When Mattie was in kindergarten, each Tuesday (ironically it was a Tuesday!), his school had chapel. Parents were invited each week to chapel, and I went because I wanted to see Mattie and hear what he was learning about. I also enjoy observing others and understanding my environment, so chapel gave me the opportunity to do this. Each Tuesday, I sat between two moms. One was Junko and the other was Luda. Ironically they have both become my friends, despite the fact that I no longer attend the school. Sitting together and chatting each week was a bonding force for us.
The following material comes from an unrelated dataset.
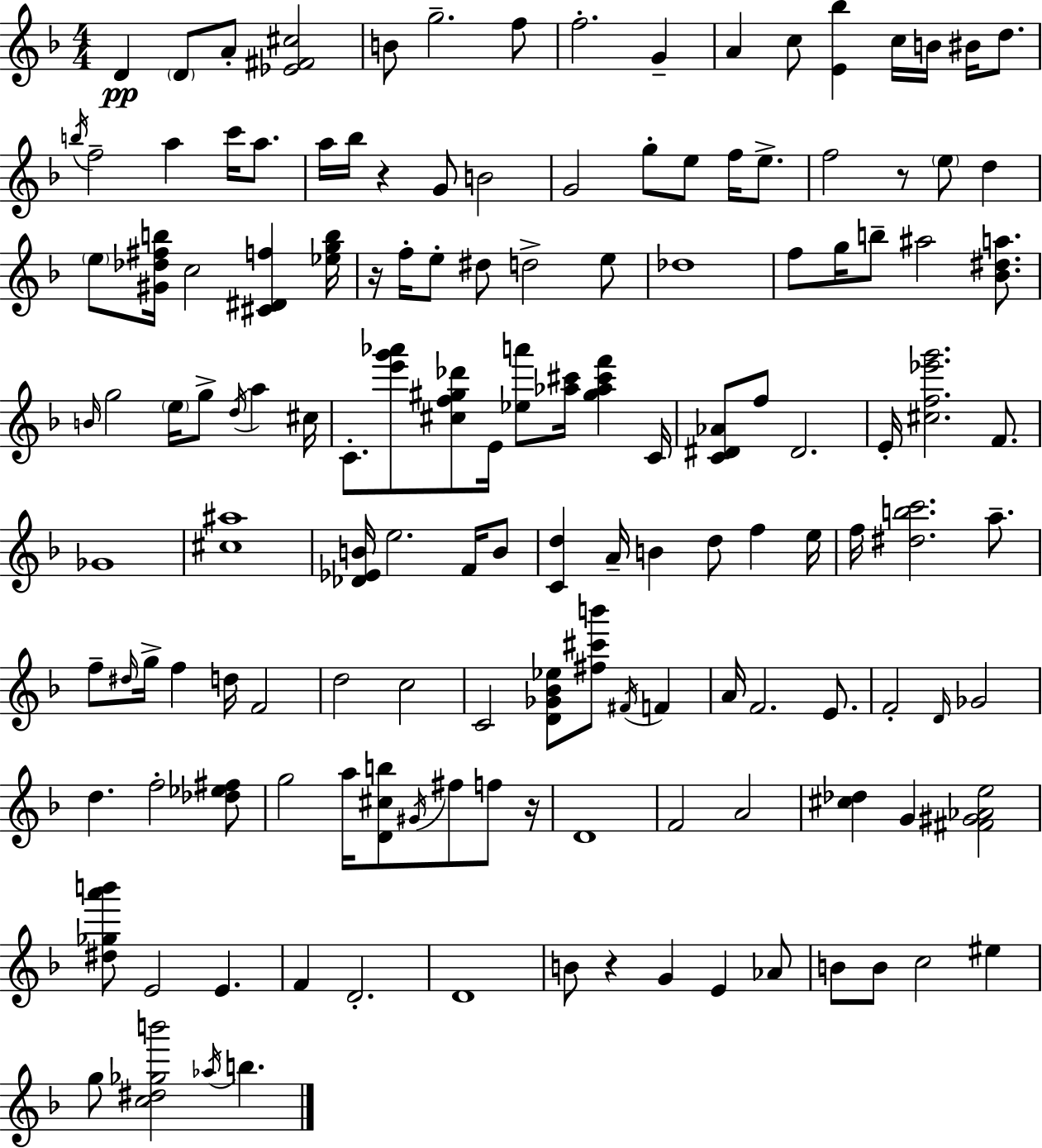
D4/q D4/e A4/e [Eb4,F#4,C#5]/h B4/e G5/h. F5/e F5/h. G4/q A4/q C5/e [E4,Bb5]/q C5/s B4/s BIS4/s D5/e. B5/s F5/h A5/q C6/s A5/e. A5/s Bb5/s R/q G4/e B4/h G4/h G5/e E5/e F5/s E5/e. F5/h R/e E5/e D5/q E5/e [G#4,Db5,F#5,B5]/s C5/h [C#4,D#4,F5]/q [Eb5,G5,B5]/s R/s F5/s E5/e D#5/e D5/h E5/e Db5/w F5/e G5/s B5/e A#5/h [Bb4,D#5,A5]/e. B4/s G5/h E5/s G5/e D5/s A5/q C#5/s C4/e. [E6,G6,Ab6]/e [C#5,F5,G#5,Db6]/e E4/s [Eb5,A6]/e [Ab5,C#6]/s [G#5,Ab5,C#6,F6]/q C4/s [C4,D#4,Ab4]/e F5/e D#4/h. E4/s [C#5,F5,Eb6,G6]/h. F4/e. Gb4/w [C#5,A#5]/w [Db4,Eb4,B4]/s E5/h. F4/s B4/e [C4,D5]/q A4/s B4/q D5/e F5/q E5/s F5/s [D#5,B5,C6]/h. A5/e. F5/e D#5/s G5/s F5/q D5/s F4/h D5/h C5/h C4/h [D4,Gb4,Bb4,Eb5]/e [F#5,C#6,B6]/e F#4/s F4/q A4/s F4/h. E4/e. F4/h D4/s Gb4/h D5/q. F5/h [Db5,Eb5,F#5]/e G5/h A5/s [D4,C#5,B5]/e G#4/s F#5/e F5/e R/s D4/w F4/h A4/h [C#5,Db5]/q G4/q [F#4,G#4,Ab4,E5]/h [D#5,Gb5,A6,B6]/e E4/h E4/q. F4/q D4/h. D4/w B4/e R/q G4/q E4/q Ab4/e B4/e B4/e C5/h EIS5/q G5/e [C5,D#5,Gb5,B6]/h Ab5/s B5/q.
This morning I met Luda at her company, ABC Imaging ( For the past two Walks we have held, Luda and her husband graciously produced our posters at NO cost to us. Their work is top quality and always looks professional. This year I contacted Luda again, but my request for this year's Walk was MUCH larger. I expected her to say that she would cover a portion of it and the Foundation would pay for the rest. Not only did she not say this, but she sat down with me and one of her graphic designers, and together we worked through all my poster needs. For those of you in attendance at the Walk this year, you have a real treat in store for you around the track. I haven't mentioned this project I have been working on, because I honestly did not know if I could even pull it off. The theme for this year's Walk is Faces of Hope, and what better way to understand this than to see pictures of childhood cancer survivors? Thanks to families that I reached out to personally, I captured 22 beautiful faces to share with walkers this year. To me their faces say it all, and are wonderful reminders for why we walk and why we work hard at raising money to help these children and their families in a meaningful way. As a person who is technically challenged, it was VERY helpful to be sitting next to Luda's technology person and talking to him live about the end products I wanted printed out. It was a very productive meeting followed by Luda and I having lunch together and reconnecting. Again, here is another example of the wonderful connections Mattie helped to make for me. Peter and I are very grateful to Luda and Medi for their generous support.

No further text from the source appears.